Always come to your boss with a range of solutions, says Brett Ellis, founder of Brett Ellis Career Marketing Services. For instance, if a major report is delayed because of a printing error, tell your boss when it can conceivably be done — and then present her with other vendors who can step in. Just don’t wait too long. “If an assignment will be late, don’t loop your boss in two hours before the deadline,” Ellis says. “Give them an explanation if something was out of your control as far in advance as you can and provide a more realistic deadline with the options.”


You’re probably not going to give a keynote address anytime soon, but almost every professional will end up talking in a meeting or presenting to clients at some point. “It’s vital to feel comfortable expressing your ideas and accomplishments to others in the workplace,” notes Alex Strathdee, co-host of the young professionals podcast “Practically Passionate.”

Practice speaking up in low-stakes situations, such as your weekly team meeting or an affinity group you’ve joined, so you feel confident hearing your voice. And if you know you are on the agenda to present a formal update, don’t just wing it. “Know your content really well, because that’s one less thing that can go wrong if you’re nervous,” Strathdee points out.

“Many new professionals tend to brag about how they did most of the work on group projects, but that is the opposite of what your manager wants.”


You’ve heard it a million times: It’s not just what you know, it’s who you know. “The phrase, ‘I’m not here to make friends; I’m here to work’ gets thrown around a lot, and that can leave young professionals with the idea they can go at it as a lone wolf,” says John Arthur, author of Manage Your New Career: Learn Quickly, Avoid Pitfalls, and Start Your Career With Momentum. “But the reality is that success in the professional world is heavily reliant on the relationships you build along the way.”

So spend time cultivating relationships across departments by volunteering for task forces or even just asking someone to lunch.

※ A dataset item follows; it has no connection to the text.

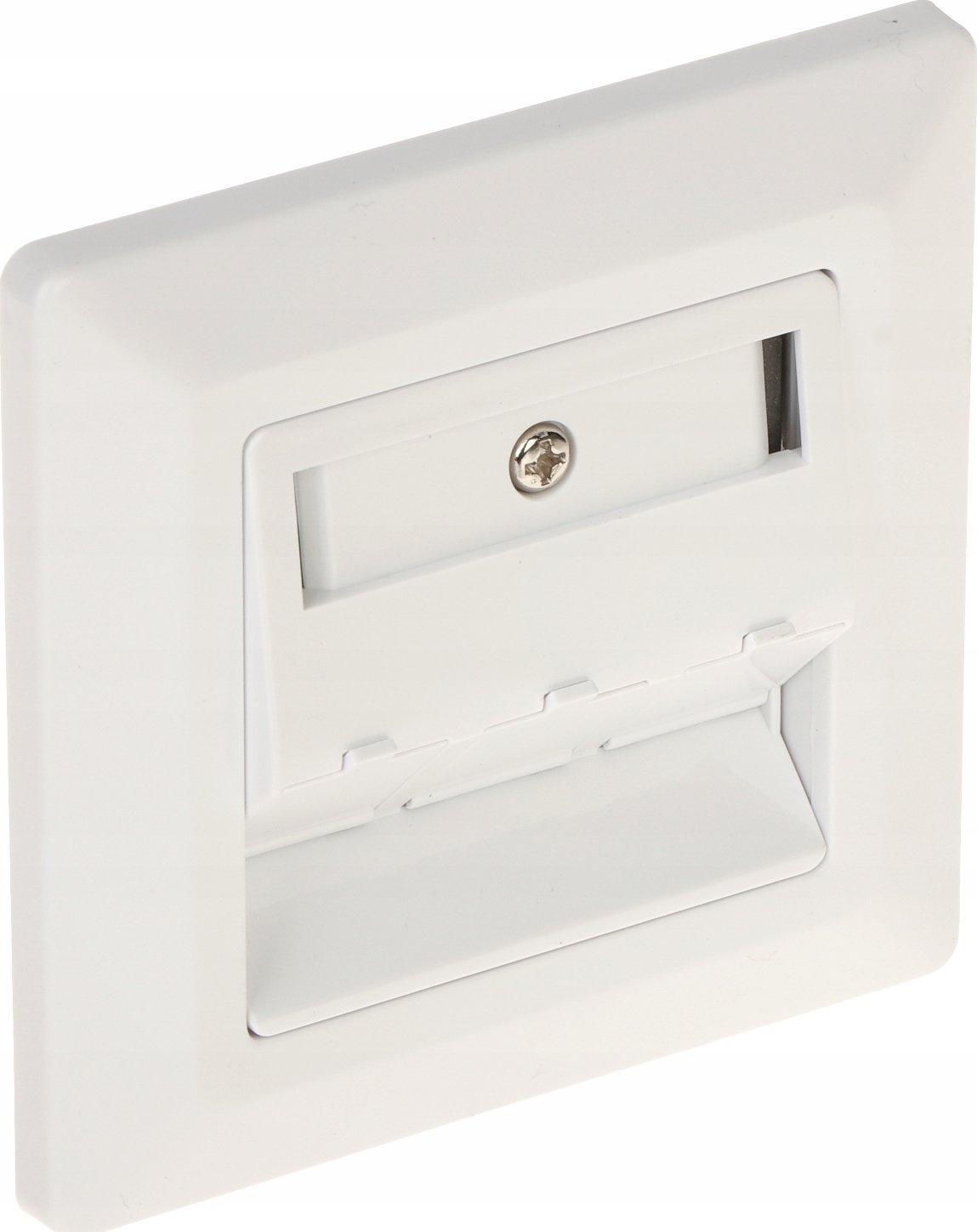 Prizë modulare Solarix për 3 keystone, nën suva, e bardhë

And don’t neglect to build relationships with your peers, as they are the ones who are going to advance with you — or may become future contacts or clients. But make sure you approach these relationships in a genuine way. “Take the time to learn what interests and drives other people and make an effort to help them whenever you can,” Arthur says.


Maybe you think you’re already a master collaborator because of the group projects you did in college. But in the workplace, your supervisor is looking for a much different result than an A. “Many new professionals tend to brag about how they did most of the work on group projects, but that is the opposite of what your manager wants,” Ellis says. “What’s more appealing is your ability to unselfishly put the group's goal ahead of your own and consider different viewpoints.”

So before you talk, listen. Make sure you understand the goals of the project and how your experience fits in. And don’t hesitate to volunteer for some of the more mundane tasks, as it shows you’re a team player — and you’re liable to learn a lot about your company’s processes.


We all did it: crammed for a final or pulled an all-nighter to write a paper the day before it was due. But that won’t cut it in the working world, when you are likely depending on input from others to get your work done.

“The ability to break down month-long projects into bite-sized sprints will get you far,” Strathdee says. “People who deliver are those who focus on accurately estimating the time it will take to complete tasks and factor in room for error.”

Make planning the first step of any project. It can help to ask someone who’s done a similar task before how long a project like this might take, as they might identify pitfalls you hadn’t considered, Strathdee suggests.


Some bosses like a weekly report, others prefer daily updates. Some clients need a phone call, others only want email. And still others expect you to be in Slack all day long. “With business communication, it isn't as simple as saying ‘Do this, don't do that’ because every organization is so different,” Arthur says. The “right” communication style is the one that is most accepted by your team or firm.

“Study the successful people in your organization and emulate the way they communicate, both in terms of style and frequency,” Arthur suggests. And to really nail it, just ask. Your boss would probably love to tell you exactly what she expects — then all you have to do is follow through.